From its founding until his death in 2012, the movement was led by Payá, who became one of Cuba’s most prominent dissident figures. Under his leadership, the MCL expanded its network across the country and gained international attention for advocating democratic reforms through legal and non-violent initiatives. In December 2007, the MLC proposed a draft bill to the National Assembly of People's Power to guarantee the effective respect of constitutional and human rights, but the project was not considered.

Following Payá’s death in a car crash in July 2012, which the organization has repeatedly described as an assassination carried out by Cuban authorities, the movement underwent a leadership transition. On 19 November 2014, Eduardo Cardet was elected National Coordinator, succeeding Payá.

On 30 November 2016, five days after the death of Fidel Castro, Cardet was detained and later sentenced to three years in prison on charges of attack on authority, contempt, and "offense against the Commander." The charges were related to statements in which he criticized the official mourning period following Castro’s death, which authorities alleged insulted Castro’s memory. He was released on probation in May 2019. Following his release, he stated from his home that he considered the sentence "unjust and arbitrary" and indicated that it was scheduled to end on 30 September of that year.

During the 2021 Cuban protests, the MCL expressed support for the demonstrations and condemned their suppression. The organization announced a solidarity campaign advocating for two ultimate objectives: the unconditional release of political prisoners and prisoners of conscience, and the organization of free, pluralistic, and fair elections in Cuba. On 16 October 2022, the MCL stated that State Security agents had threatened to prosecute Eduardo Cardet following his arrest on 16 October following a protest in Velasco, Holguín. According to the organization, the alleged threat was conveyed through a document that Cardet refused to sign, stating that he considered it illegal.

== Political position ==

The Christian Liberation Movement bases its political philosophy on principles derived from Christian social doctrine and the ethical teachings of the Gospel, emphasizing human dignity, solidarity, and social justice.
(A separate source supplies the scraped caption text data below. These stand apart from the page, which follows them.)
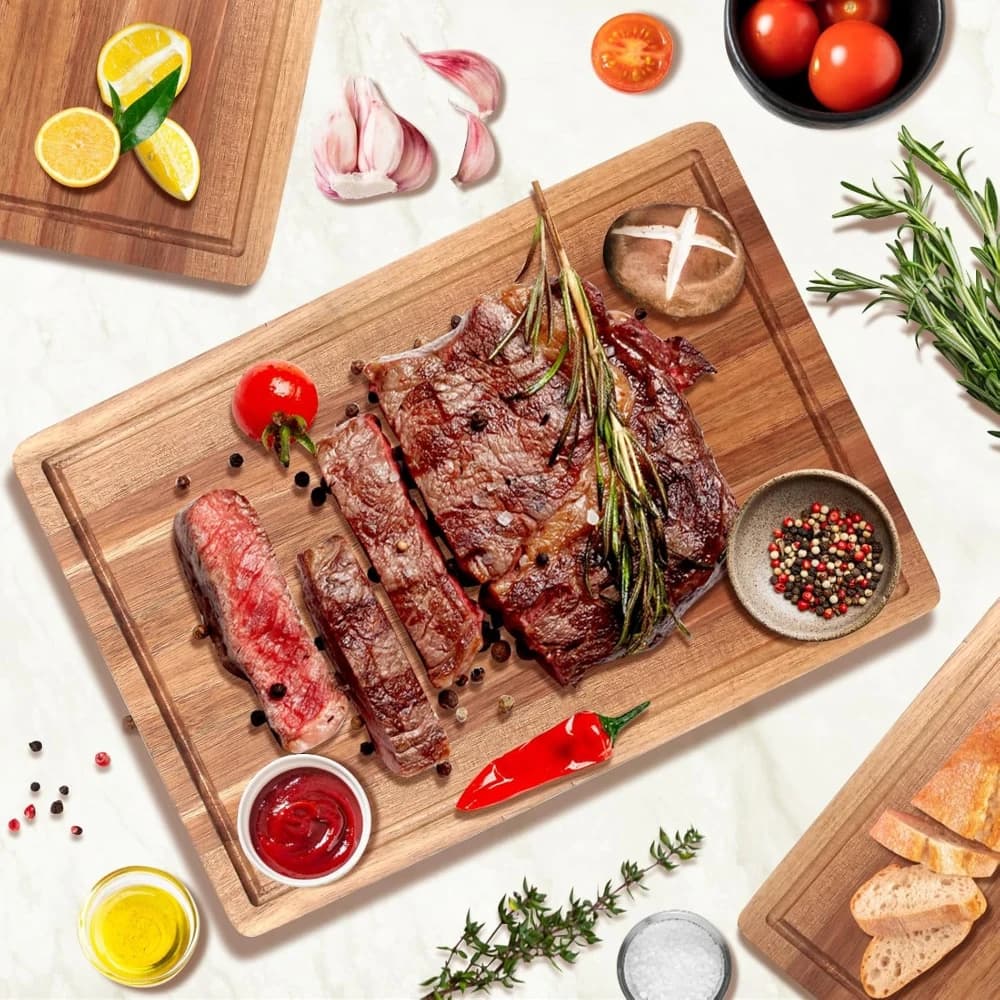 Planches à découper le bois planche à charcuterie en bois Double face viande légumes planches Pizza pain servant planche accessoires de cuisine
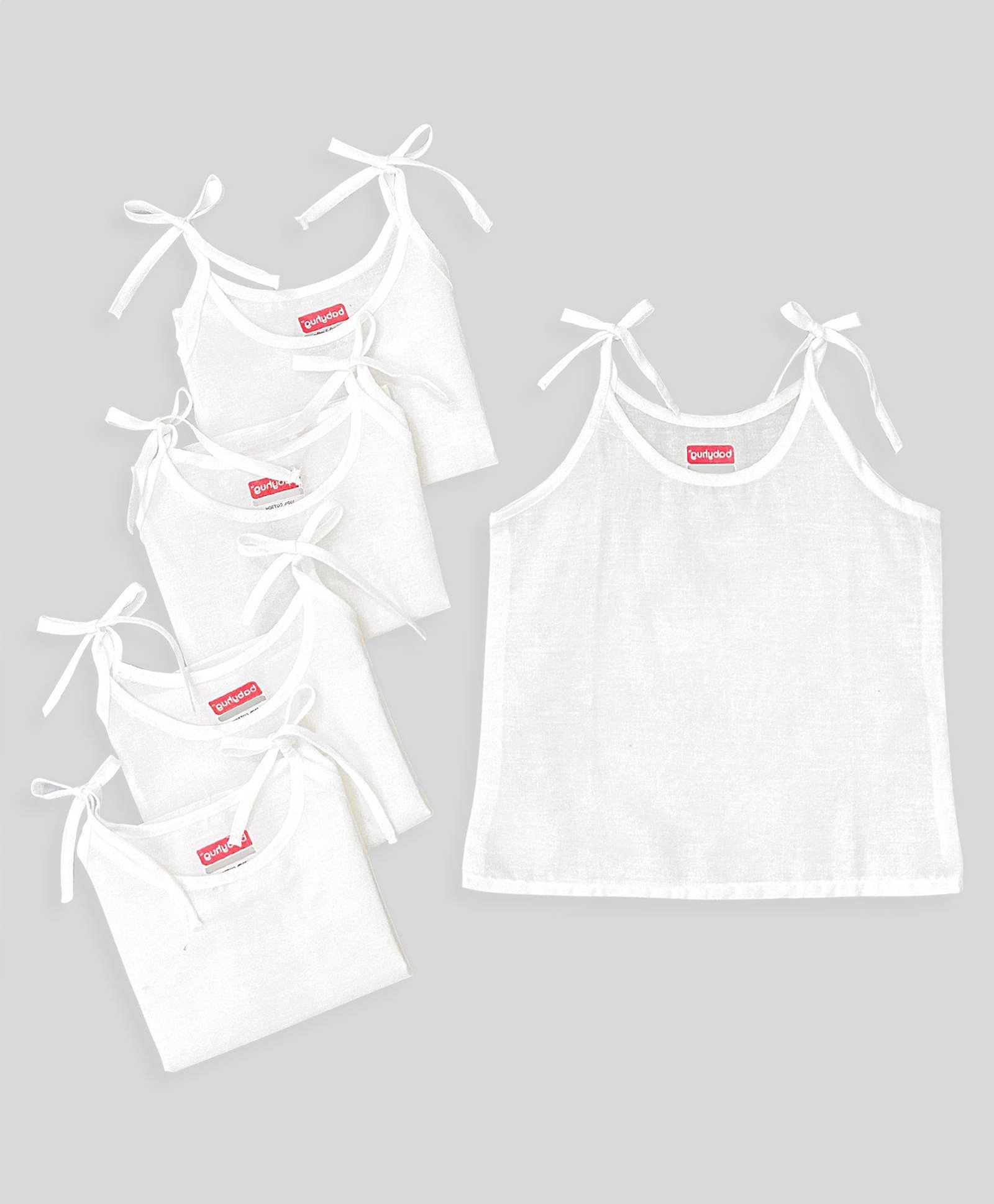 Babyhug 100% Cotton Sleeveless Jhabla Solid Pack of 5 - White-picture-23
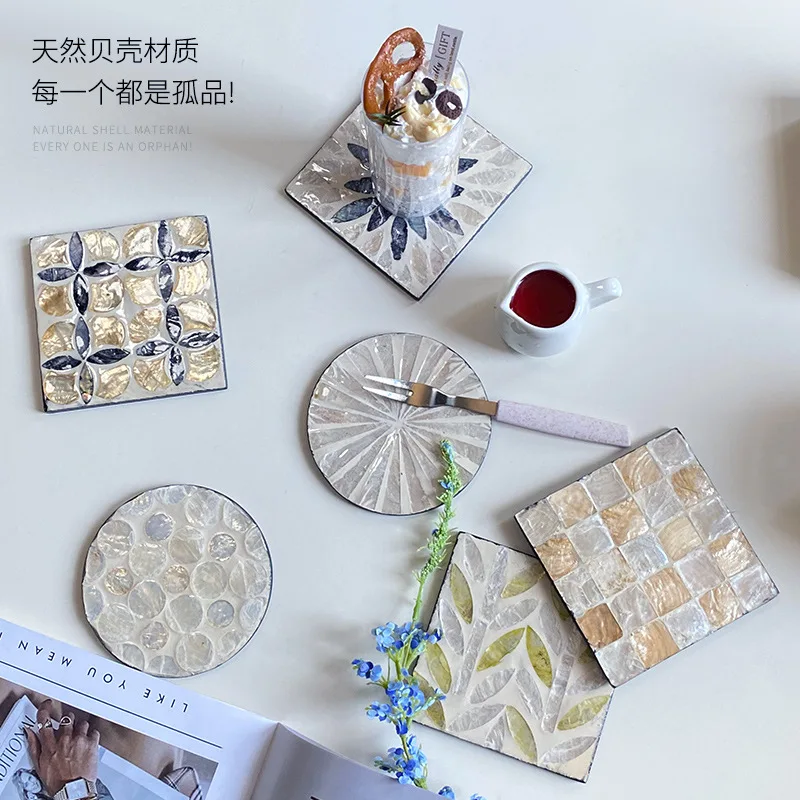 6 Pieces Colorful Shell Coaste - Marble Coaster Set recension och pris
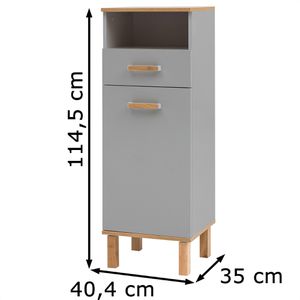 Produktbild für Badschrank Schildmeyer Padua 148829, mit 4 Füßen, platingrau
The organization describes itself as a civic and democratic movement committed to nonviolence and peaceful political change, advocating reforms led by Cuban citizens through civic participation and democratic processes. It identifies with a Christian democratic perspective that promotes social justice, the role of the family, and national traditions. Its program emphasizes national reconciliation through dialogue among Cubans and legal reforms aimed at expanding citizen participation and strengthening constitutional guarantees, including freedom of movement and property rights.

The MCL has urged the governments, parliaments, citizens of the European Union to support:
"in a public and sustained manner the release of those jailed in Cuba for defending, promoting and exercising peacefully their human rights; the dialogue between Cubans as a path toward achieving the changes the Cuban people desire and national reconciliation; and our demands for changes in the laws so that the civil, political, economic, social and cultural rights of all Cubans are respected".

The Christian Liberation Movement is a member of the Centrist Democrat International, the international organization promoting Christian democracy.